About this task:
Transcribe all the entries word for word, skipping the pictures.

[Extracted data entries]
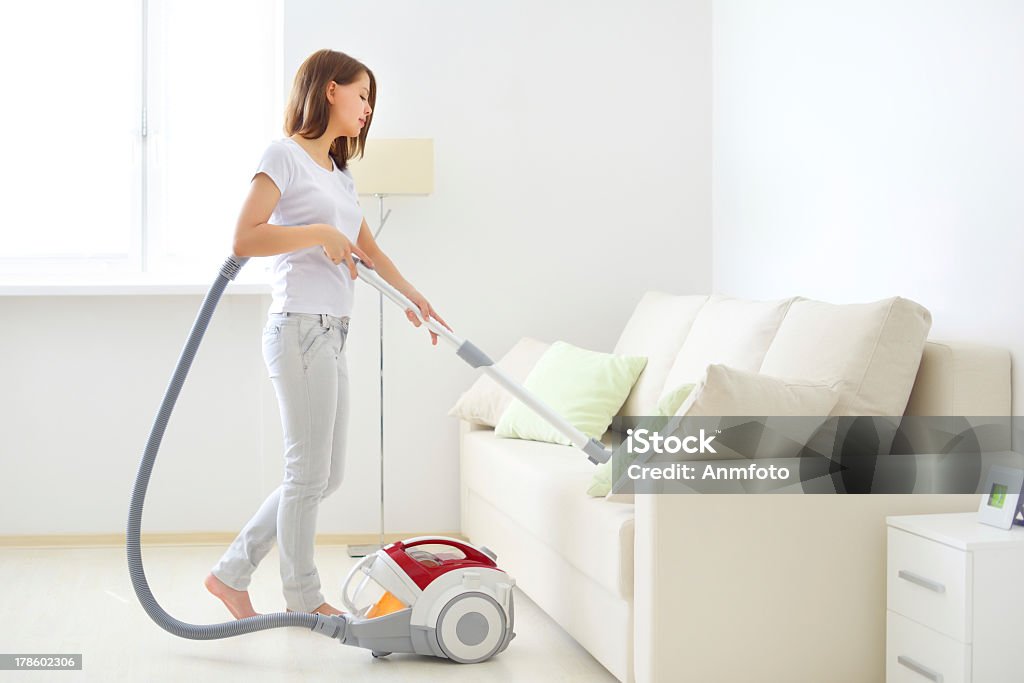 Attractive girl vacuuming a white couch Attractive girl with vacuum cleaner on light background Vacuum Cleaner Stock Photo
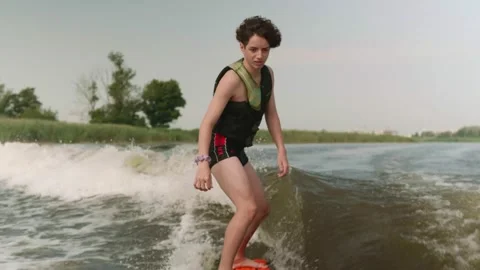 Young guy riding wake surfing Stock Footage 158793075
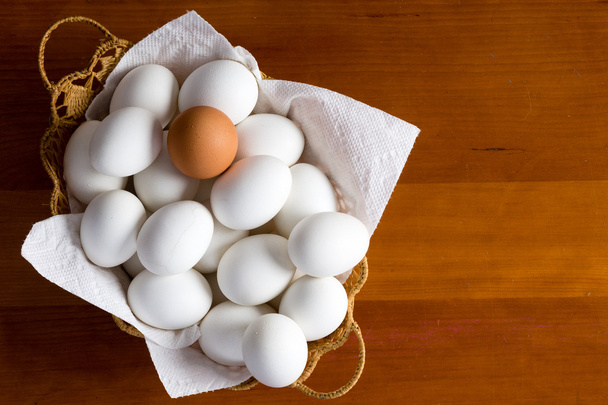 Uovo marrone singolo tra molti bianchi
 - Foto, immagini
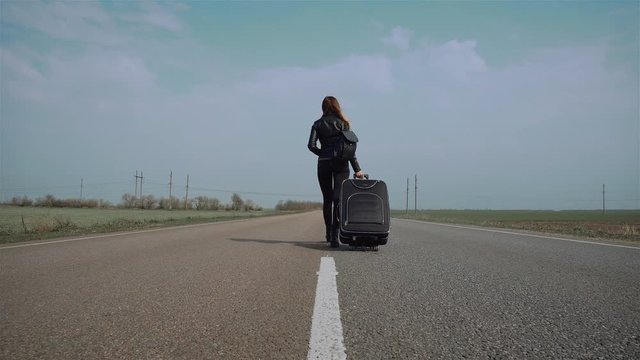 Outdoor activities travel concept woman on asphalt road with bag. Back view. Female hitchhiking around country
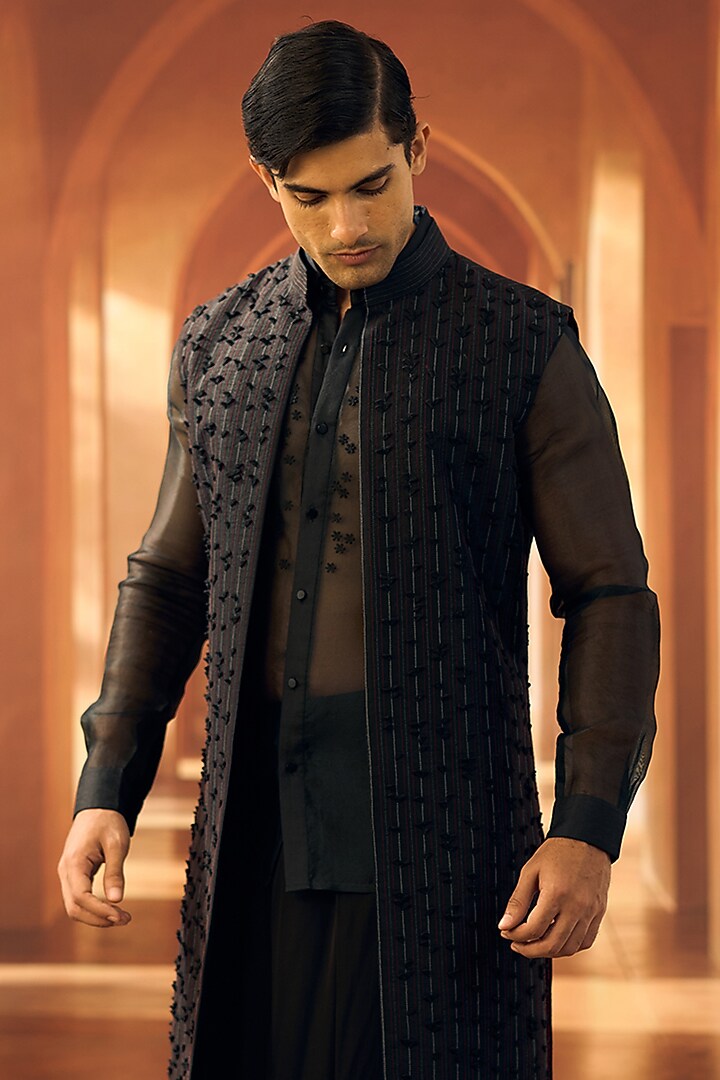 Black Semi Raw Silk Machine Embroidered Sleeveless Open Wedding Sherwani by Vivek Karunakaran at Pernia's Pop Up Shop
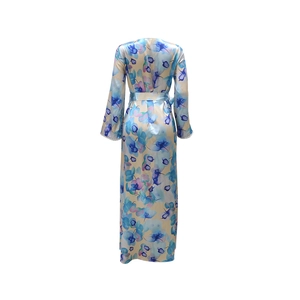 Detail of champagne satin floral dress showing orchid print and delicate lace cuffs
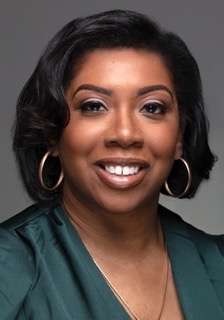 A headshot of a woman in professional attire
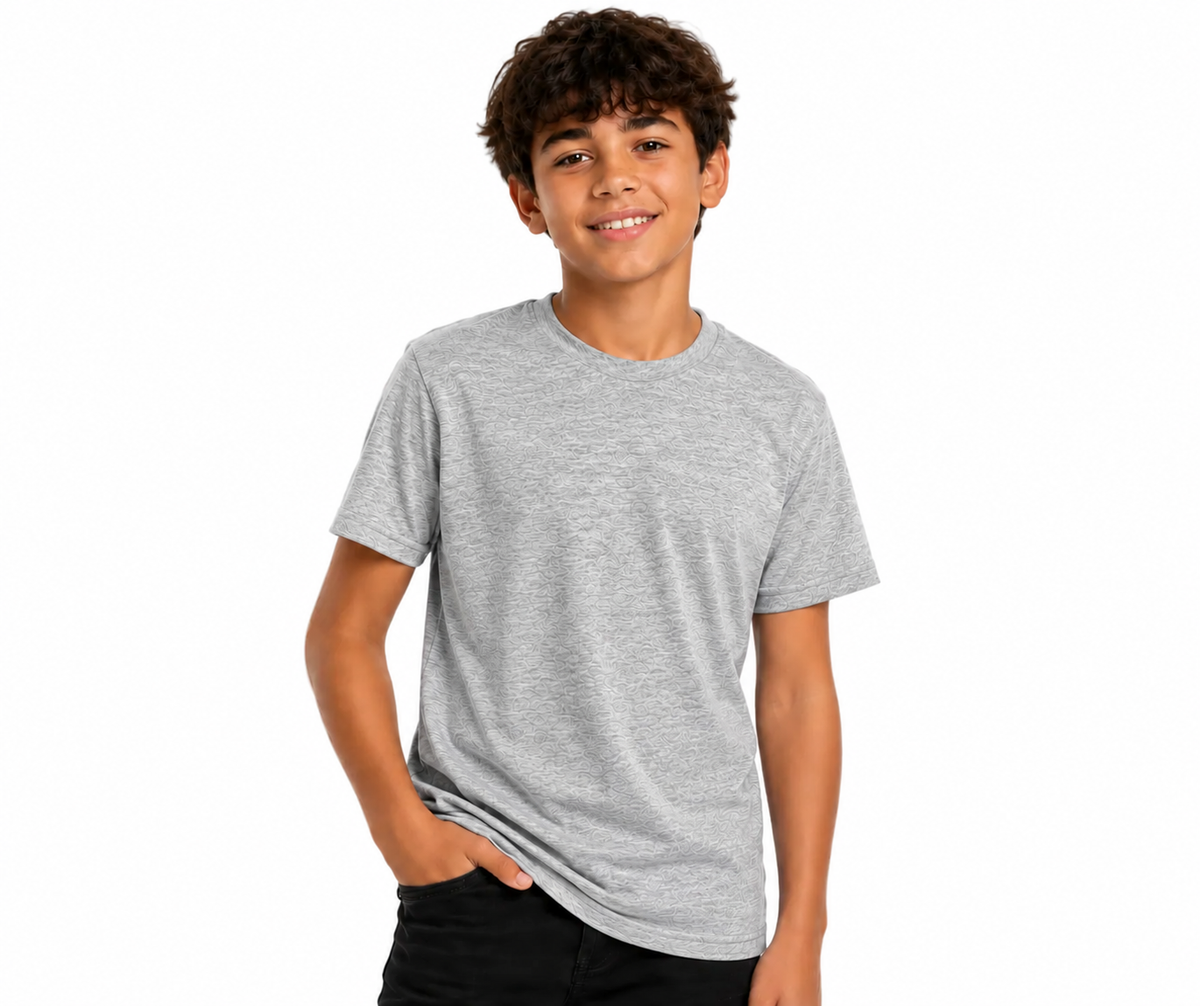 A smiling young man wearing a light gray heather crewneck t-shirt and black pants, standing against a solid white background.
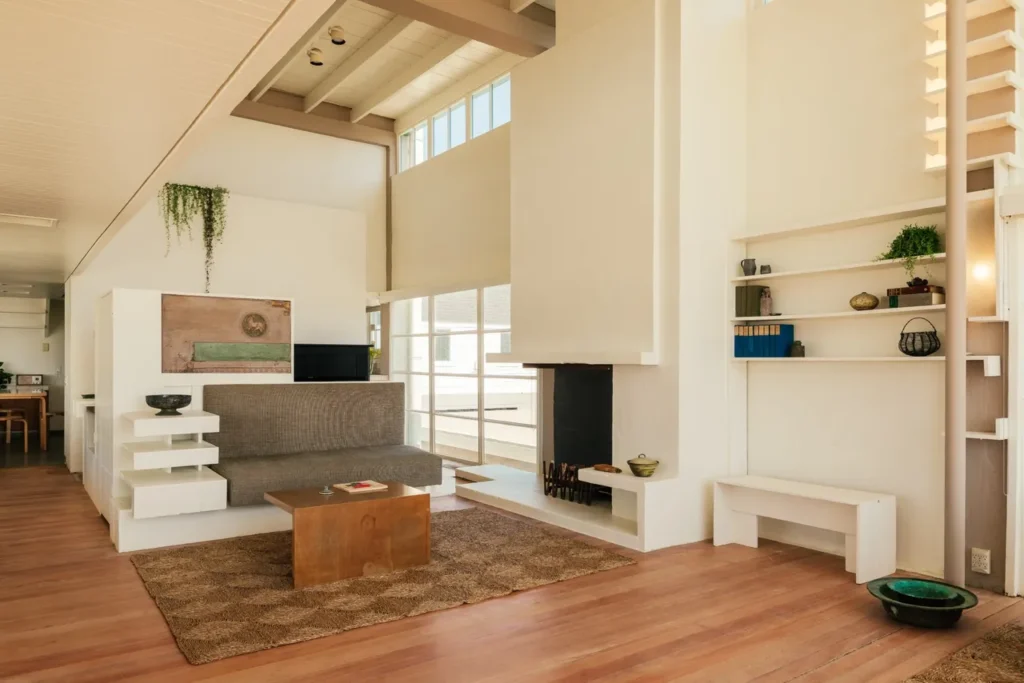 Living room interior with built-in white shelving, grey sofa, wooden coffee table and a tall white fireplace under a sloped ceiling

Solution:
 Attractive girl vacuuming a white couch Attractive girl with vacuum cleaner on light background Vacuum Cleaner Stock Photo
 Young guy riding wake surfing Stock Footage 158793075
 Uovo marrone singolo tra molti bianchi
 - Foto, immagini
 Outdoor activities travel concept woman on asphalt road with bag. Back view. Female hitchhiking around country
 Black Semi Raw Silk Machine Embroidered Sleeveless Open Wedding Sherwani by Vivek Karunakaran at Pernia's Pop Up Shop
 Detail of champagne satin floral dress showing orchid print and delicate lace cuffs
 A headshot of a woman in professional attire
 A smiling young man wearing a light gray heather crewneck t-shirt and black pants, standing against a solid white background.
 Living room interior with built-in white shelving, grey sofa, wooden coffee table and a tall white fireplace under a sloped ceiling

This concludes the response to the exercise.